First in a series.
I’ve been working on a single, simple (ha) post for the past three days. This hunt makes me feel a bit like Theseus in the maze, playing out a thread behind him so he’d be able to find his way back—except it seems sometimes that the thread has broken, and I’ll be lost in cyberspace forever, adrift like the unfortunate astronaut in 2001, A Space Odyssey, when the wayward computer Hal snapped his umbilical cord leading back to the mother ship. (A bit of a mixed analogy there. Sorry.)
The topic of the moment is “inert” ingredients in pesticides—you know, the ones that aren’t active. When I try to trace the citations in a paper by Caroline Cox and Michael Surgan (“Unidentified Inert Ingredients in Pesticides: Implications for Human and Environmental Health” –with a name like that it had better be true, because it sure ain’t beautiful.) I find that those sections in the Electronic Code of Federal Regulations are either “reserved” (which apparently means unavailable, censored, you know, the old need-to-know-basis thing) or simply missing—absent, gone, etc.

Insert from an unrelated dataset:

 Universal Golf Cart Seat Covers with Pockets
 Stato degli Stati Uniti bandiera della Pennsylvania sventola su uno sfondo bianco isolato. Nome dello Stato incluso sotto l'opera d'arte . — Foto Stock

This hunt stems from some of the work I did for the infamous organic lawn article. In the course of writing that, I set out to check a number of what I’ll call “green rumors”: things that you’ll hear over and over about the dangers of pesticides, but that I’d never seen documented. I’d heard, for instance, that it’s not the active ingredient in Roundup that’s dangerous, but the inerts; I’d heard that “inert” ingredients in pesticides are not necessarily inert; I’d heard, of course, that pesticides are dangerous to our health, that many have never been tested by the EPA, that they are sold in products in untested combinations, and that the EPA relies on testing conducted by the manufacturers. Here’s the low-down: every one of these green rumors that I’ve traced to a clear, solid source in EPA documents or in university studies turns out to be true.
But I’m still on the hunt, and the quarry, it seems, is growing more elusive. Wish me luck; it looks like I’ll need it.
The picture shows West Brook Fjord in Newfoundland's Gros Morne Park.